Congo my Foot
The film tells the story of Tino La Musica, a Congolese band based in Cape Town. Their story starts as the band, all refugees from Congo, play at their regular weekly gig at Club La Reference in Long Street Cape Town. They live and rehearse in a rundown block of flats in Gardens, but the mood is hopeful. Until suddenly they are evicted from their block of flats, a week before the countrywide xenophobic violence was to scatter and displace approximately 30 000 refugees around the country. The double impact of these events cause the band to fall apart. Musicians have lost their home, their togetherness and even their instruments. The film follows the story of Mohammed, the producer of the band, as he accompanies his sister to a community centre in Summer Greens, where she has found shelter for herself and her baby, Mohammed has found a temporary squat in a rundown building in Woodstock, he doesn’t know where the rest of the band is. Gradually he goes in search of the band members, hoping that they can get together again to play their weekly gig. He finds Tantino, the lead singer at Cape Town station, selling cd’s. Mohammed convinces Tantino to sing something, but he stops after a short while, he cannot continue. Instead he leads the crew to a Congolese Cape Town, a make-shift mall offering everything from hairdressing to foreign exchange. The film continues to follow Mohamed as he looks for the rest of the band. He finds Jino, a dancer, working on a construction site at the 2010 stadium in Green Point, Musa, the drummer, has taken a job as a security guard in Sea Point. Ironically the displacement caused by xenophobic attacks has caused these people previously earning a living from music gigs, to head into the job market as a means to survive. Mohammed is trying to muster up support from the group to perform again. He is surprised to find the singer/dancer, Ladi, with a transformed appearance staying with Papi, the administrator of the band. Enthusiasm is low; Ladi has shaven his Big Star hairstyle and goatee, as a symbol of having left behind his old persona and Papi responds: “what we do best is singing and entertaining; now they just want us to die”.

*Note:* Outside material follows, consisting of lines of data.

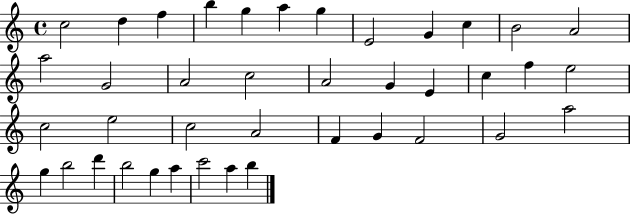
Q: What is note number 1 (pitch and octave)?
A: C5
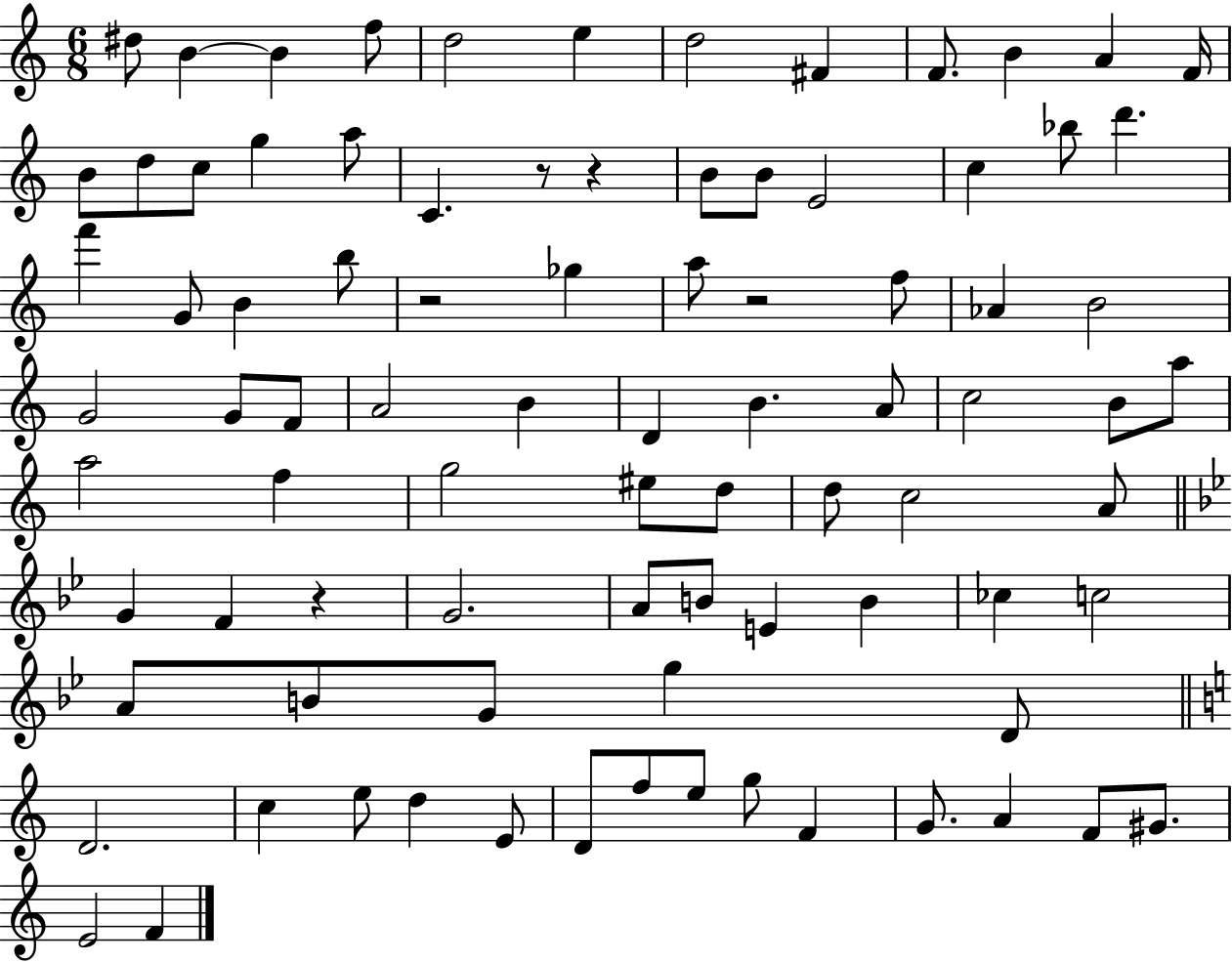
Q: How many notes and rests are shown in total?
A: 87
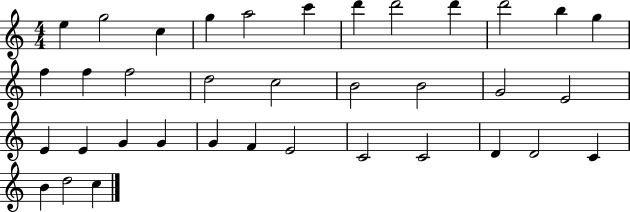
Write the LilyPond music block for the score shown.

{
  \clef treble
  \numericTimeSignature
  \time 4/4
  \key c \major
  e''4 g''2 c''4 | g''4 a''2 c'''4 | d'''4 d'''2 d'''4 | d'''2 b''4 g''4 | \break f''4 f''4 f''2 | d''2 c''2 | b'2 b'2 | g'2 e'2 | \break e'4 e'4 g'4 g'4 | g'4 f'4 e'2 | c'2 c'2 | d'4 d'2 c'4 | \break b'4 d''2 c''4 | \bar "|."
}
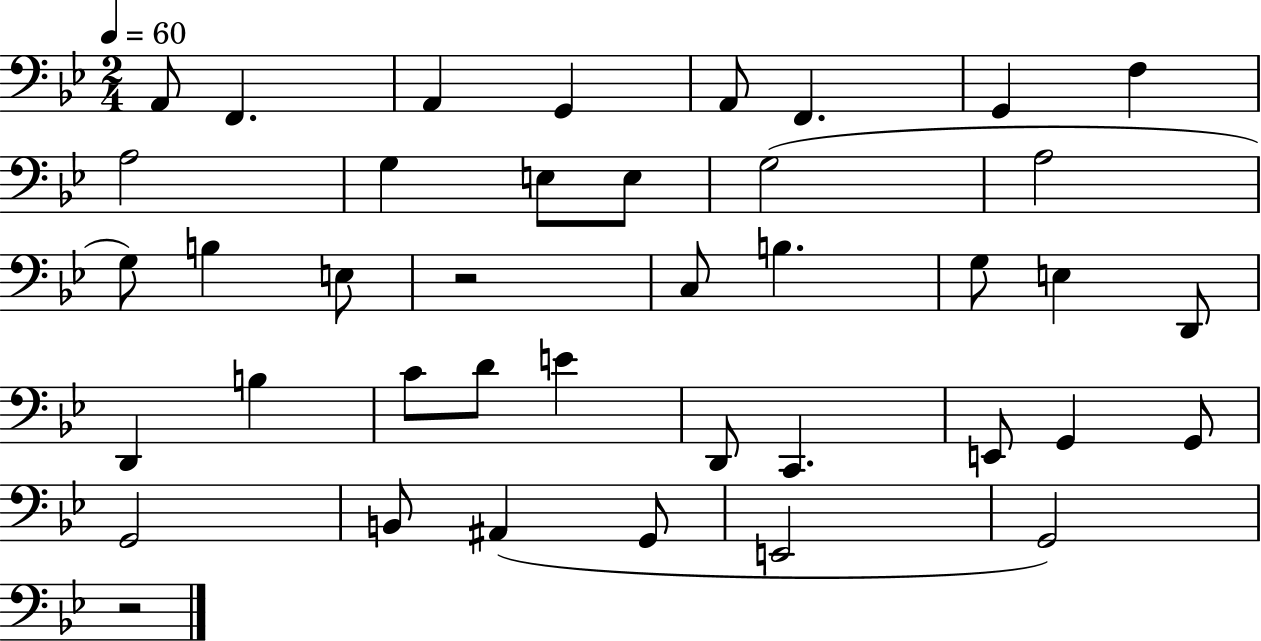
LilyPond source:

{
  \clef bass
  \numericTimeSignature
  \time 2/4
  \key bes \major
  \tempo 4 = 60
  \repeat volta 2 { a,8 f,4. | a,4 g,4 | a,8 f,4. | g,4 f4 | \break a2 | g4 e8 e8 | g2( | a2 | \break g8) b4 e8 | r2 | c8 b4. | g8 e4 d,8 | \break d,4 b4 | c'8 d'8 e'4 | d,8 c,4. | e,8 g,4 g,8 | \break g,2 | b,8 ais,4( g,8 | e,2 | g,2) | \break r2 | } \bar "|."
}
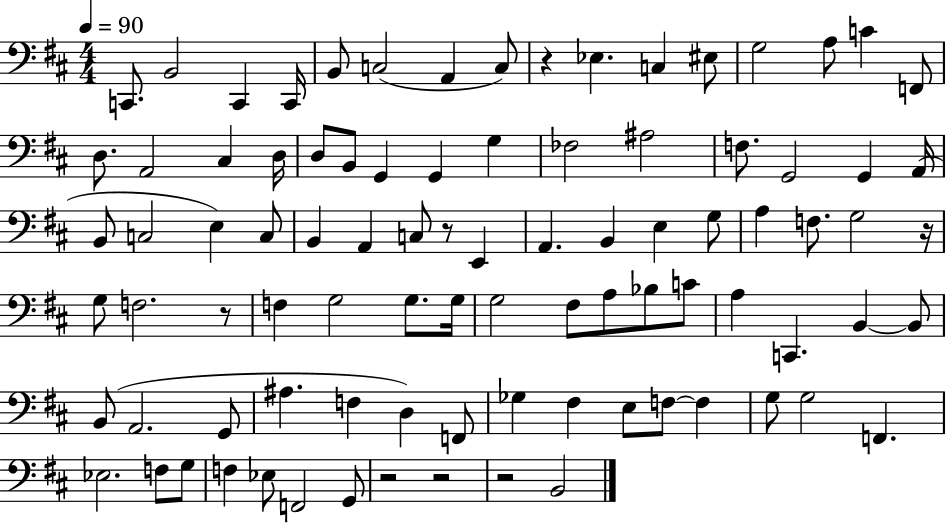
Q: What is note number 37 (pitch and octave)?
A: C3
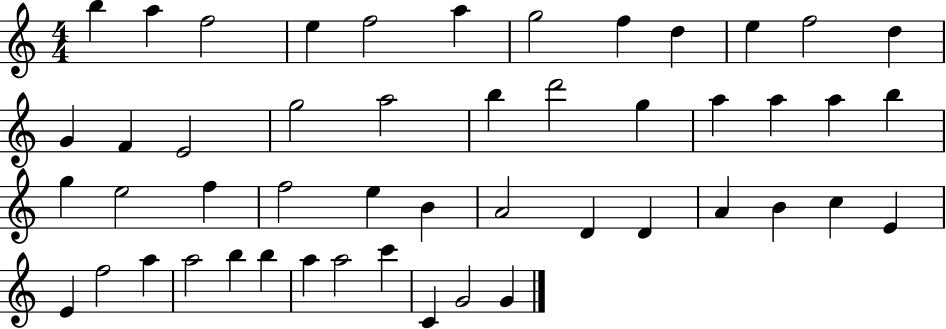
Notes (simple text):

B5/q A5/q F5/h E5/q F5/h A5/q G5/h F5/q D5/q E5/q F5/h D5/q G4/q F4/q E4/h G5/h A5/h B5/q D6/h G5/q A5/q A5/q A5/q B5/q G5/q E5/h F5/q F5/h E5/q B4/q A4/h D4/q D4/q A4/q B4/q C5/q E4/q E4/q F5/h A5/q A5/h B5/q B5/q A5/q A5/h C6/q C4/q G4/h G4/q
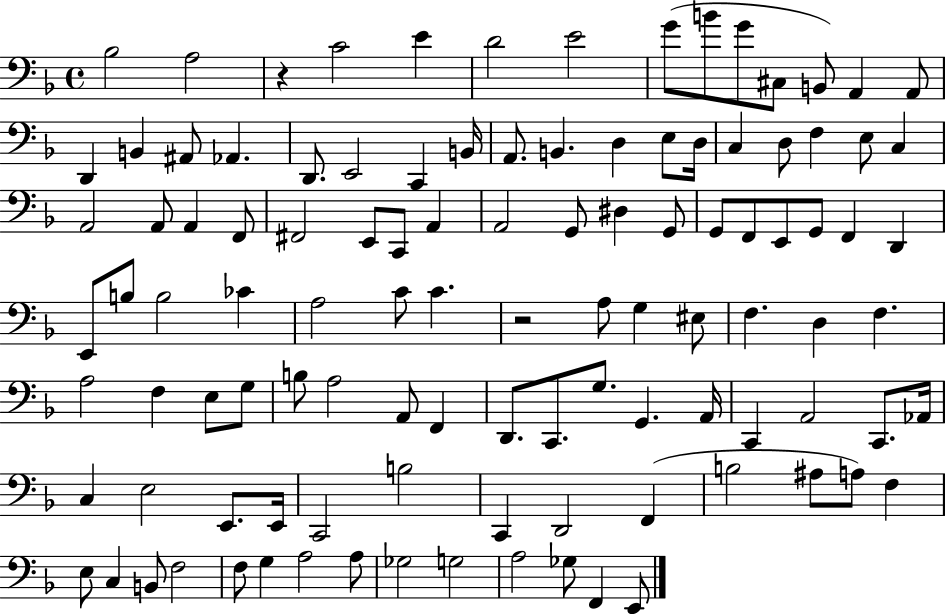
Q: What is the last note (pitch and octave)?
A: E2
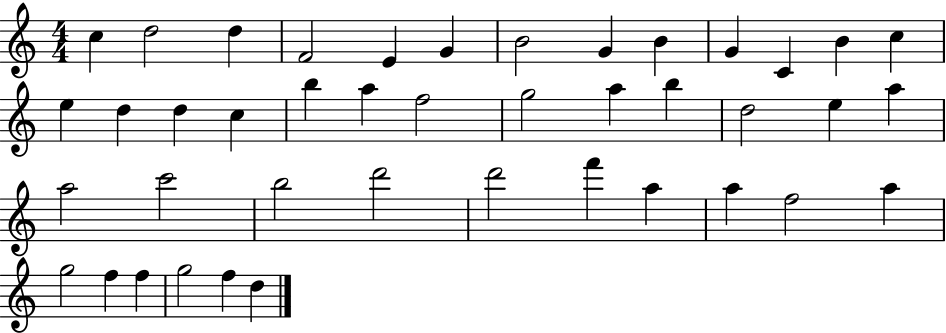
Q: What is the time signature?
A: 4/4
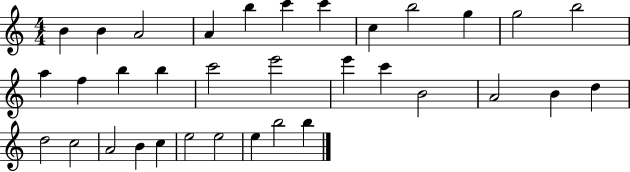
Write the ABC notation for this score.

X:1
T:Untitled
M:4/4
L:1/4
K:C
B B A2 A b c' c' c b2 g g2 b2 a f b b c'2 e'2 e' c' B2 A2 B d d2 c2 A2 B c e2 e2 e b2 b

The film follows their struggle to get it together again, searching for instruments and finding the will to sing and dance again. We hope the search will lead us to the missing guitarist, Zinga, who everyone lost contact with after the incident at DuNoon. He’s cell phone no longer works, so Mohamed will have to move from Refugee camp to camp to find him. He hopes he can have the group playing at Club La Reference again, and that they can continue building a future together.
The film is co-directed by Okepne Ojang, himself an immigrant from Cameroon, living in South Africa for the last 9 years. OJ himself is trying to find sense in all that has happened and trying to determine whether there is a future here for him and his South African wife and child. His presence and voice is felt in the film, as it is clear that his hope is tied in with the hope that Tino La Musica will play again.
He collaborates with Camera/Director Kyle O’ Donoghue and Dylan Valley and producers Miki Redelinghuys and Lauren Groenewald from Plexus Films.